**Assigned task:** Below are the entries; transcribe them exactly and drop every picture.

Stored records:
########################################

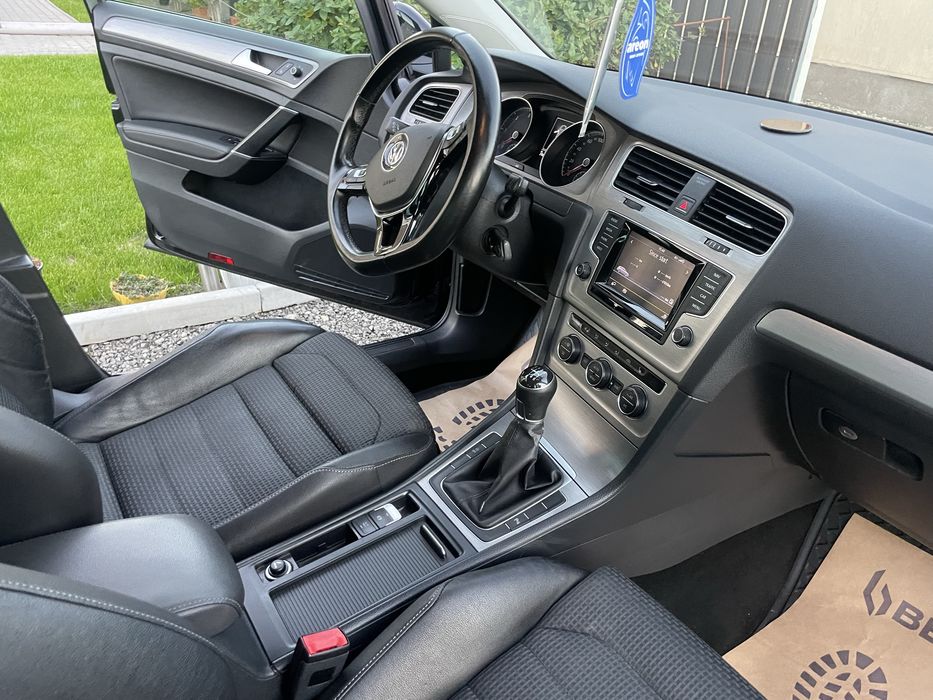 Vw Golf 7 Highline 2.0 TDI  Euro 6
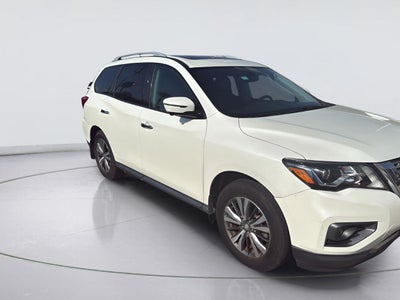 2017 Nissan Pathfinder SL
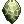 Green Charm Stone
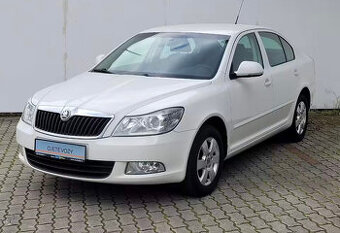 Skoda Octavia 1.2 77kW Elegance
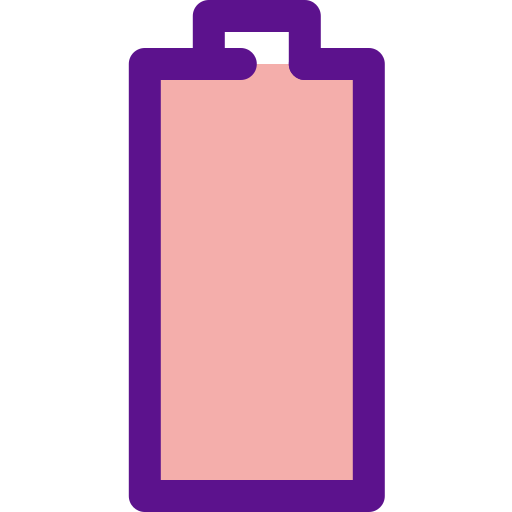 batterie Darius Dan Lineal Color icon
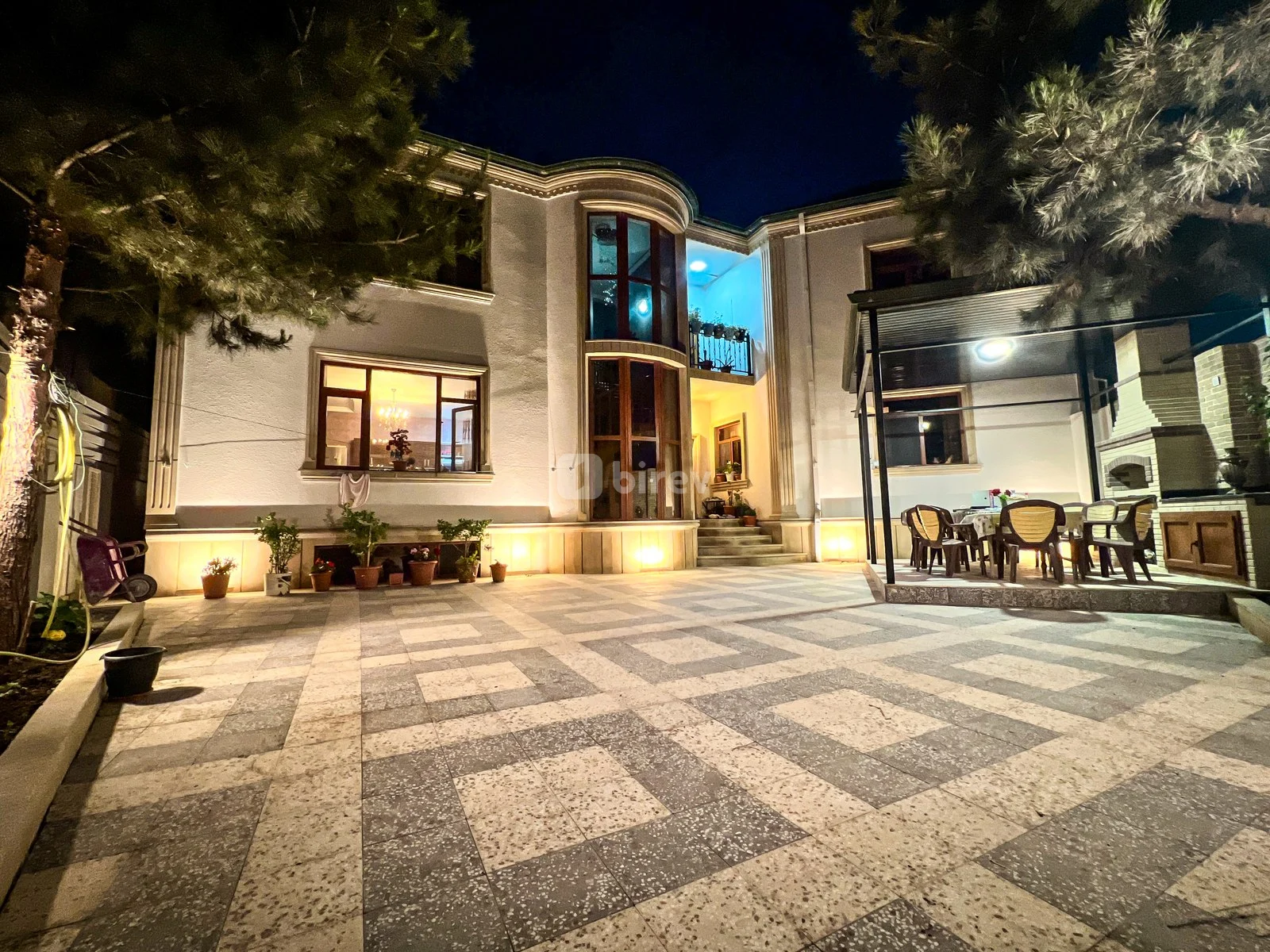 9 otaqlı həyət evi, Bakıxanov q., Anaşkin küç., Sabunçu rayonu — şəkil 6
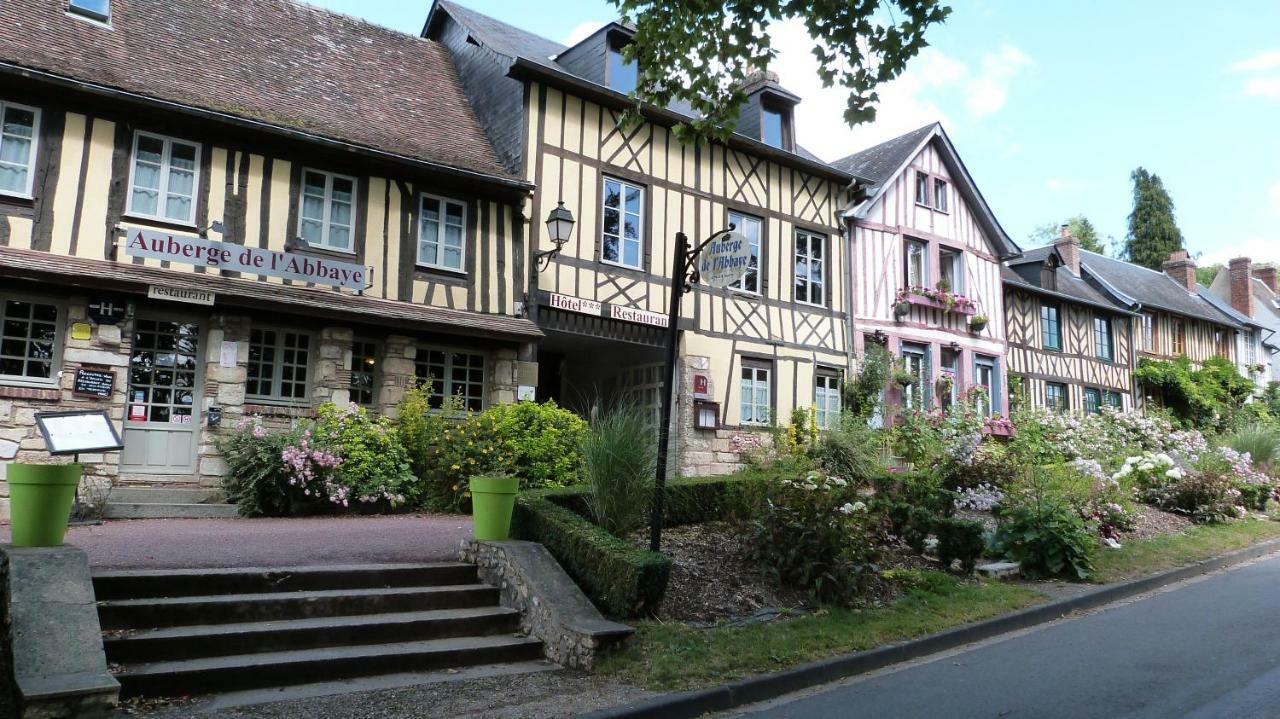 Laroulottedubec Vila Malleville-sur-le-Bec Exterior foto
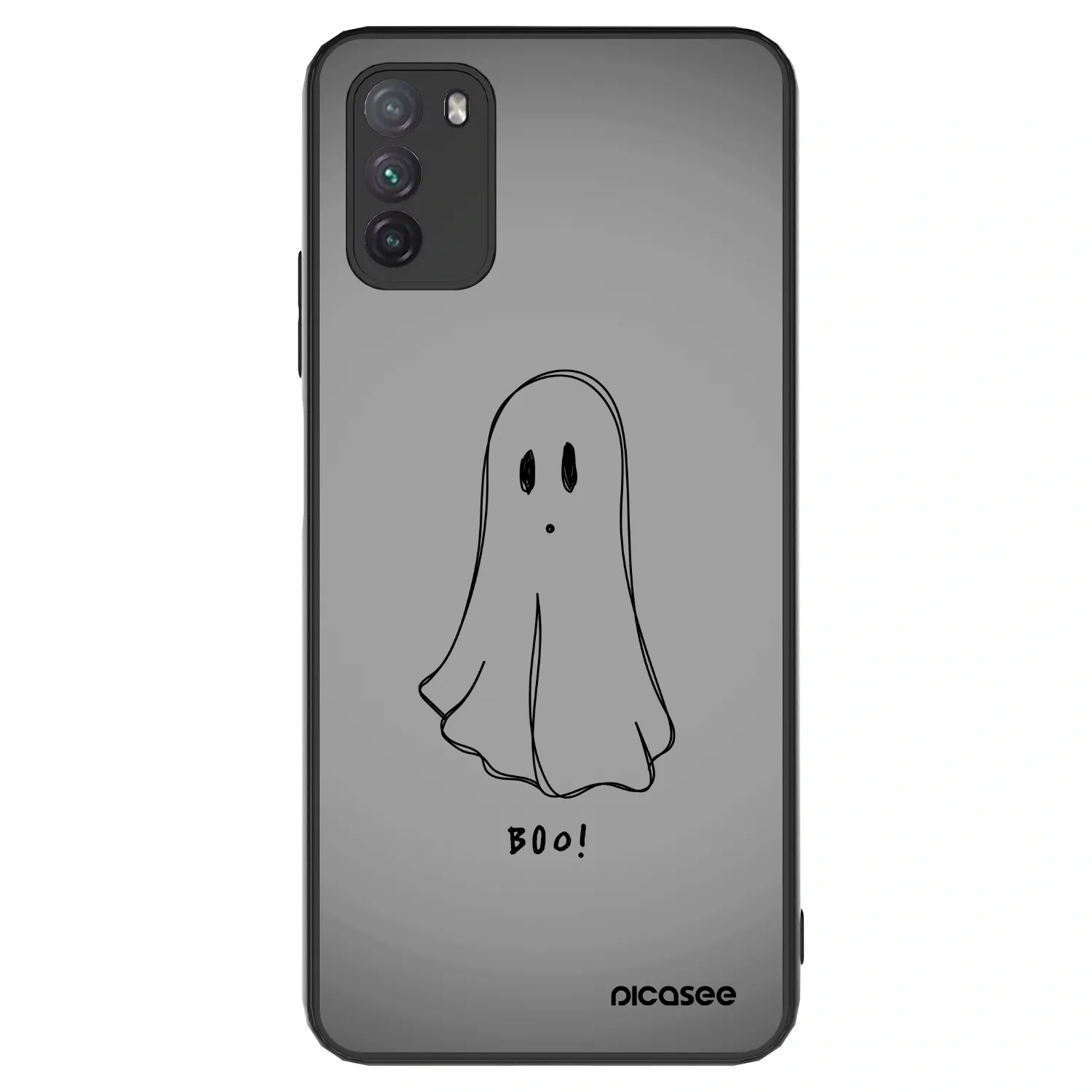 Picasee ULTIMATE CASE για Xiaomi Poco M3 - Ghost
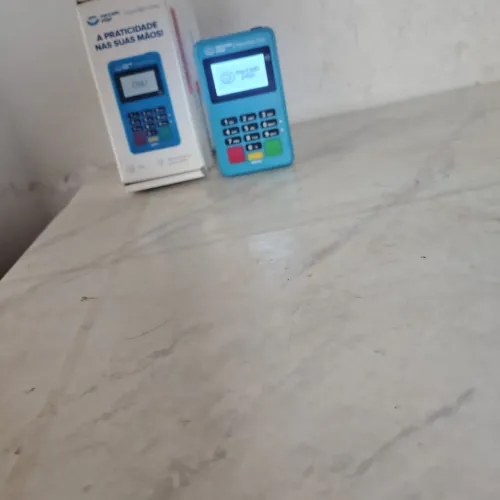 Maquininha Point Mini Chip.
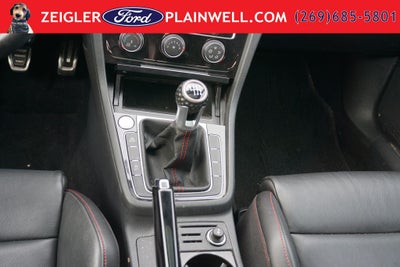 2020 Volkswagen Golf GTI 2.0T SE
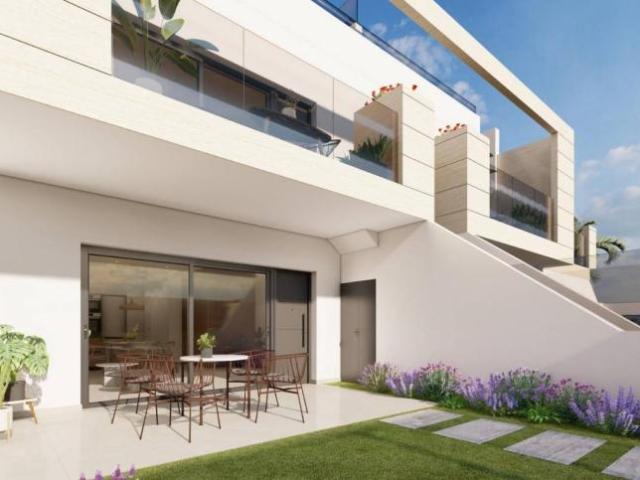 2 Dormitorio Bangalos Murcia Murcia 93250869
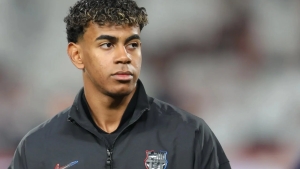 Lamine Yamal missed training due to poor health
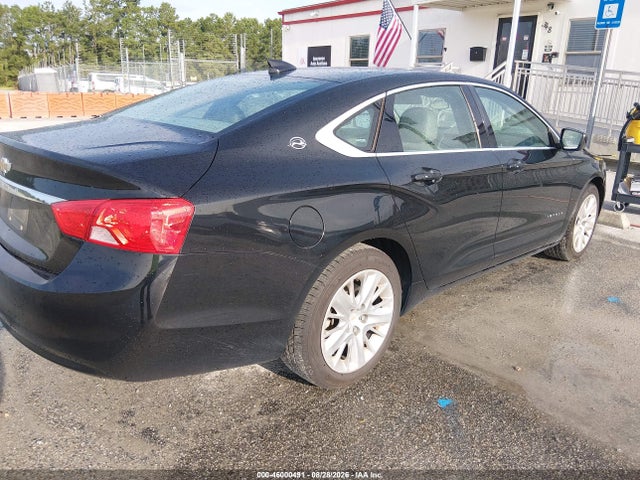 46000491 :رقم المزاد ، 2G11X5S33K9146284 vin ، 2019 Chevrolet Impala Ls مزاد بيع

########################################

**Task solution:**
 Vw Golf 7 Highline 2.0 TDI  Euro 6
 2017 Nissan Pathfinder SL
 Green Charm Stone
 Skoda Octavia 1.2 77kW Elegance
 batterie Darius Dan Lineal Color icon
 9 otaqlı həyət evi, Bakıxanov q., Anaşkin küç., Sabunçu rayonu — şəkil 6
 Laroulottedubec Vila Malleville-sur-le-Bec Exterior foto
 Picasee ULTIMATE CASE για Xiaomi Poco M3 - Ghost
 Maquininha Point Mini Chip.
 2020 Volkswagen Golf GTI 2.0T SE
 2 Dormitorio Bangalos Murcia Murcia 93250869
 Lamine Yamal missed training due to poor health
 46000491 :رقم المزاد ، 2G11X5S33K9146284 vin ، 2019 Chevrolet Impala Ls مزاد بيع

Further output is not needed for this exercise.